▸ **Problem description**:
In the records below, repeat word for word only the lines starting at the one that contains "Sand Fungi Forest" and ending at the one that contains "Cement Pipe |", pictures excluded.

▸ **Dataset extract**:
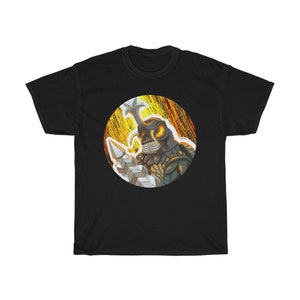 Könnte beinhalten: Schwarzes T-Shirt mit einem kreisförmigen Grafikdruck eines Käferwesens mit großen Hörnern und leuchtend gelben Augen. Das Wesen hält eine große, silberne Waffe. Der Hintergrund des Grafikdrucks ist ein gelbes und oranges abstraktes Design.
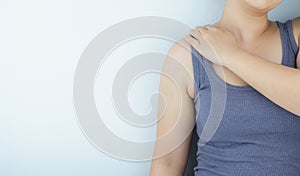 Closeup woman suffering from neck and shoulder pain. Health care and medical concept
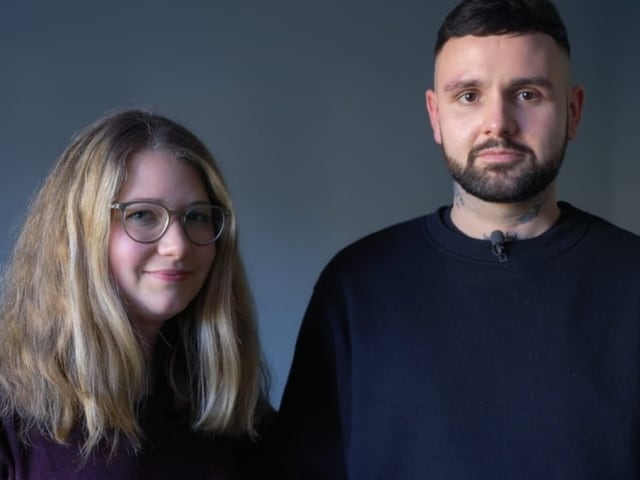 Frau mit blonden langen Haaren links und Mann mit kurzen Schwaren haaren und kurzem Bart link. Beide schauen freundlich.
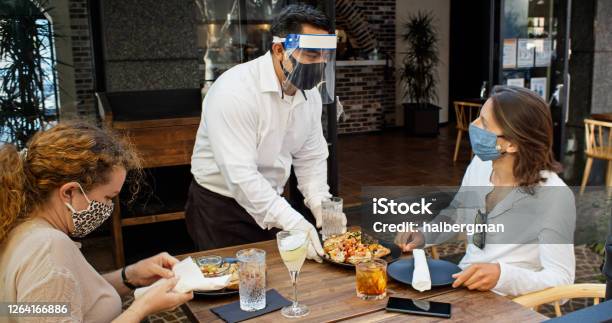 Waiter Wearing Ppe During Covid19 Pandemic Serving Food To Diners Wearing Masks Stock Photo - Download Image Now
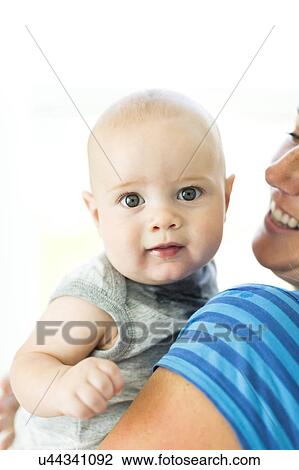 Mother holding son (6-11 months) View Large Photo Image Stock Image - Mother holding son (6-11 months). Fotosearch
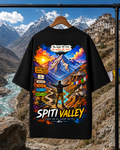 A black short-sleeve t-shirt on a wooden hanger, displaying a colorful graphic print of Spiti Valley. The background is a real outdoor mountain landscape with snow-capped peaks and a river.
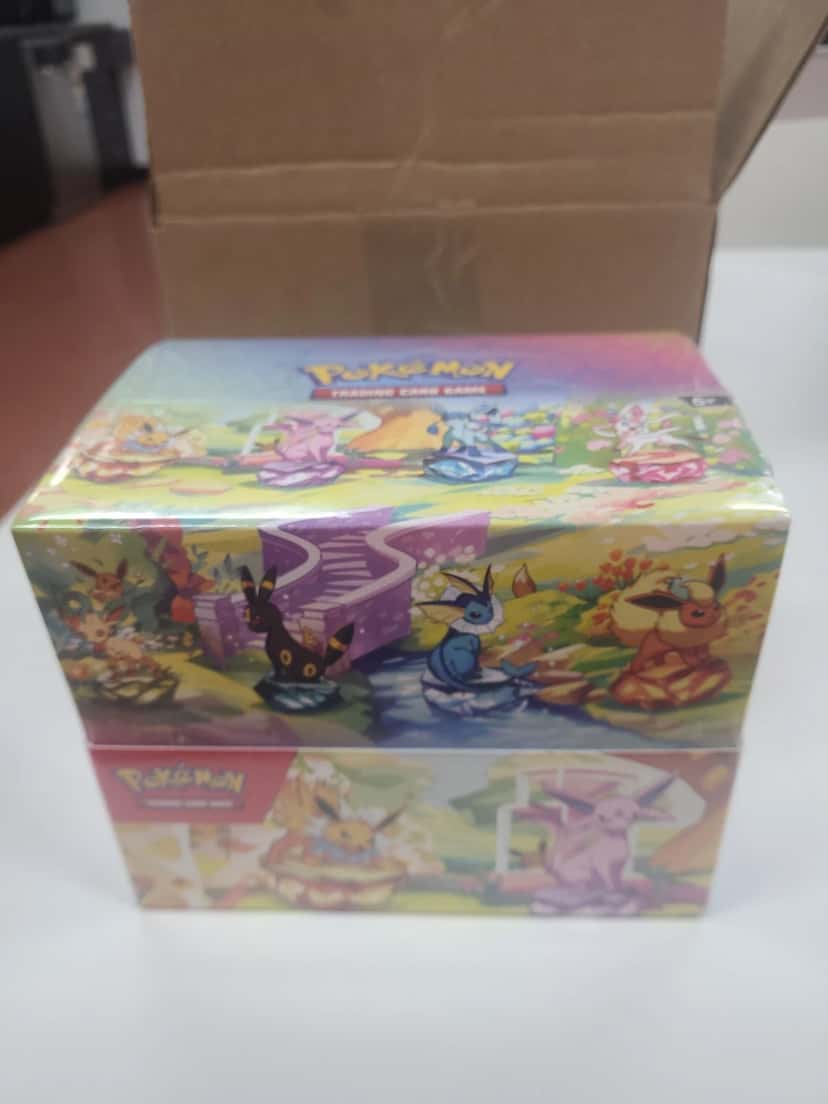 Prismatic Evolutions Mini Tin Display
---
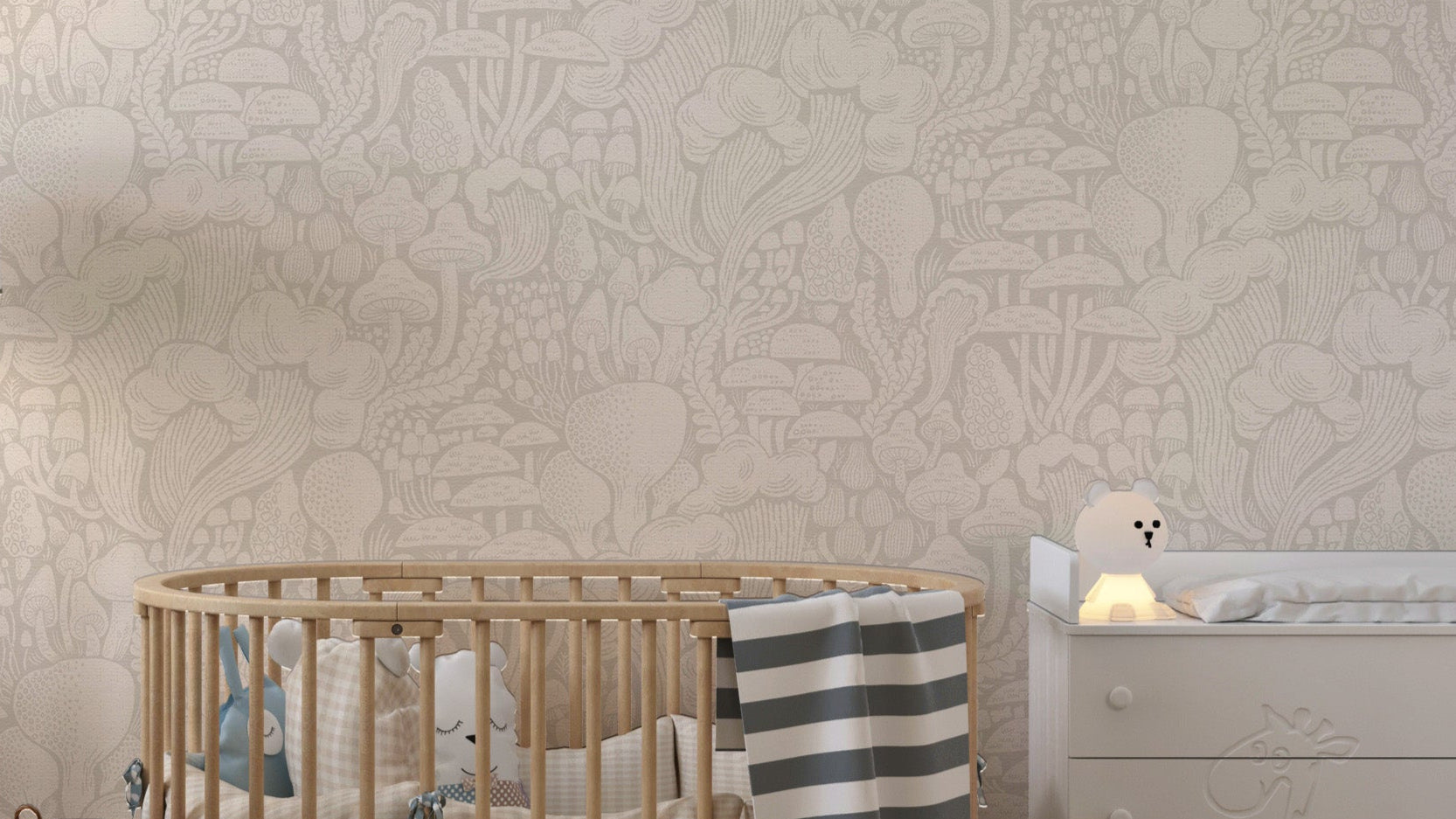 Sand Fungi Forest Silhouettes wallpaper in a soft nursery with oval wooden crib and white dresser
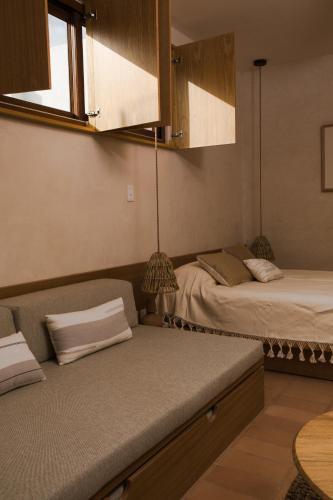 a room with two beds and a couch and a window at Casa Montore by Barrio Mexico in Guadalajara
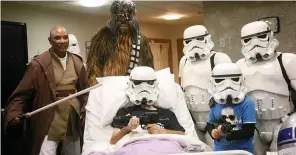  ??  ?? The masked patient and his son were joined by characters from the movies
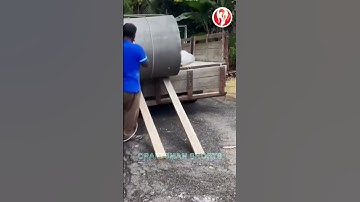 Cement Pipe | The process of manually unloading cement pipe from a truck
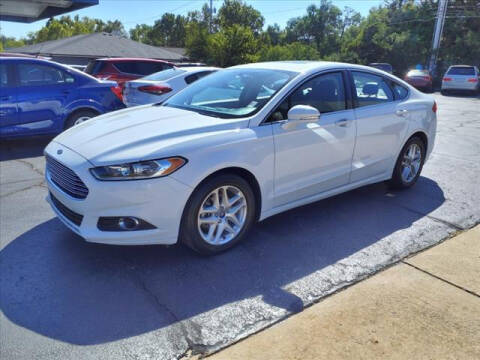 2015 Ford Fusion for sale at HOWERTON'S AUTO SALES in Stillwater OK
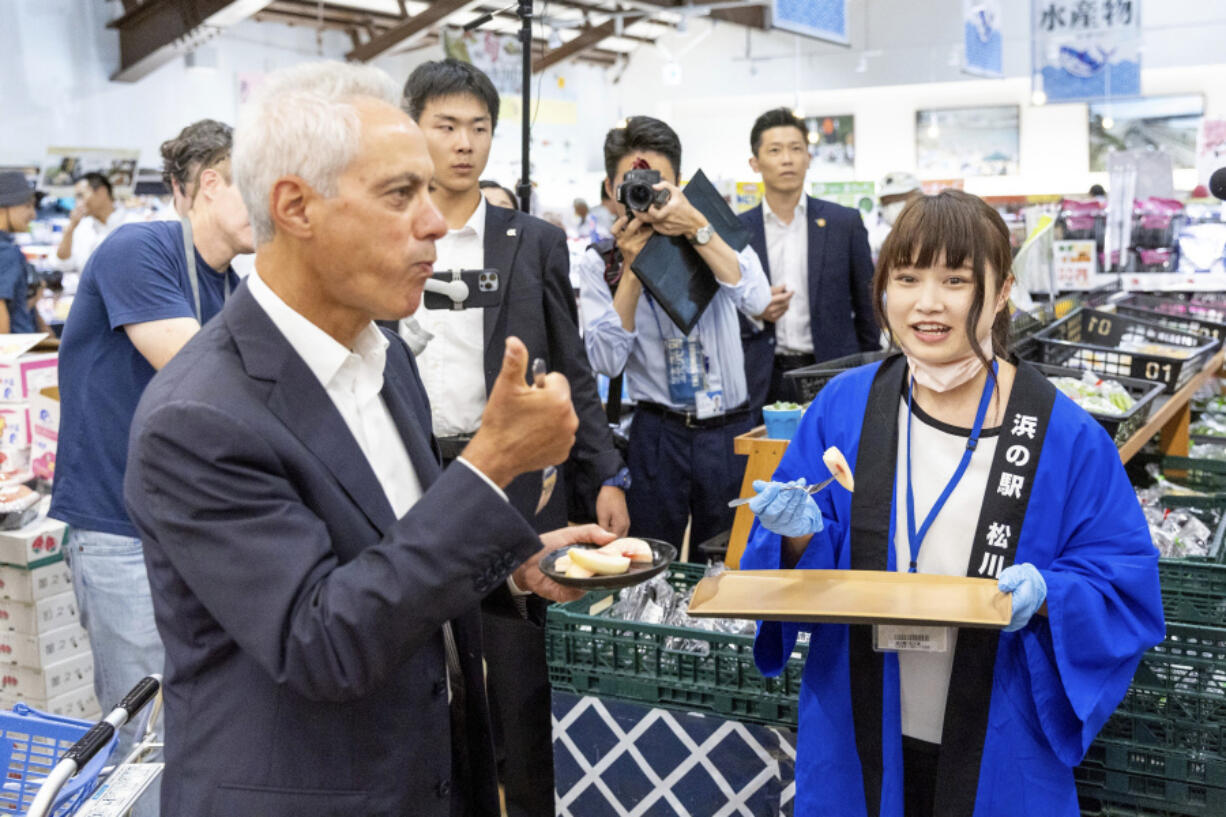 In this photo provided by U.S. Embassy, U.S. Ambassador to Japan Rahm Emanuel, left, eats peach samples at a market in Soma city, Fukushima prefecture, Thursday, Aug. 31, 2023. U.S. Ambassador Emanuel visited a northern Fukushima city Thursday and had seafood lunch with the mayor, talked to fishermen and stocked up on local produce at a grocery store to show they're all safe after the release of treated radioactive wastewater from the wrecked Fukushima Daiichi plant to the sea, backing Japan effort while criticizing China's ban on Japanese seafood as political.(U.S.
---
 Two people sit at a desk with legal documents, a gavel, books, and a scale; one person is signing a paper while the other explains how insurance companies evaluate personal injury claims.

▸ **Task solution**:
 Sand Fungi Forest Silhouettes wallpaper in a soft nursery with oval wooden crib and white dresser
 a room with two beds and a couch and a window at Casa Montore by Barrio Mexico in Guadalajara
  ??  ?? The masked patient and his son were joined by characters from the movies
 Cement Pipe | The process of manually unloading cement pipe from a truck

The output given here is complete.